During the first week of the new government Taraki was elected president and prime minister of the Revolutionary Council of the Democratic Republic of Afghanistan. Babrak Karmal was elected vice president and deputy premier and Hafizullah Amin was deputy prime minister and minister of foreign affairs. The Revolutionary Council was the core of government power. It was made up of twenty cabinet members, who unanimously agreed that martial law should remain in force throughout the country indefinitely. Although the government always announced that all parts of the country were under their control, there were strong indications that the three-week-old regime had still not quelled all the opposition.SOURCE: An Afghan Woman's Odyssey, by Farooka Gauhari (U. Nebraska Press, 1996), pp. 100-101
In a news conference Taraki declared that Afghanistan was a nonaligned country and that his government would seek friendship from all nations, including Western countries. All the political speeches began hypocritically with the familiar words "In the name of God Almighty we begin..."; "In the name of God Almighty the benevolent and merciful...." Taraki and other members of his government were seen on TV attending mosques--a very wise move, but it did not impress many university people. Those who knew the present leaders of Afghanistan and their ties to the Soviet Union could easily guess that this was not a nonaligned country. I think Taraki and his followers figured that an orthodox Communist regime would not be favored by Afghans, so it was important for the survival of the new government to be very careful. Such precautions did not last very long, however. Soon Taraki was collaborating with the Soviet Union, his closest ally. Decree after decree was approved by the inexperienced Central Committee members, who were still giddy with pride and joy at their easily gained positions. They were in a great hurry to make changes, forgetting the ingrained, time-tested old customs and traditions of the Afghan culture.

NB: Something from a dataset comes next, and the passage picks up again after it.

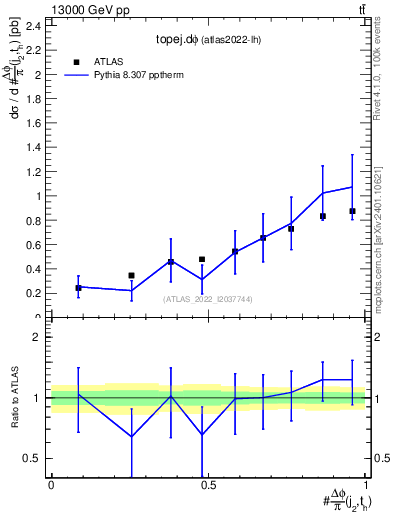 Plot of topej.dphi in 13000 GeV pp collisions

Every night I listened to broadcasts from outside the country, switching from the BBC to the Voice of America and to Pakistani and Indian radio stations. With great sadness I realized that the outside world, even the United States, did not react strongly to the coup. From my colleagues' comments at the university I could guess that they also were listening to those stations, but none of us dared to talk about it.
During the previous week, classes at the university and other schools had been called off almost every afternoon. The students were ordered to go to the auditoriums and listen to Marxist speeches in which Taraki was touted as the greatest leader of all time. Generally, several school days were wasted for every new decree. Most of us were tired of all the propaganda but we couldn't say a word. Disobedience to the rules or expression of our opinions had no place in the present regime.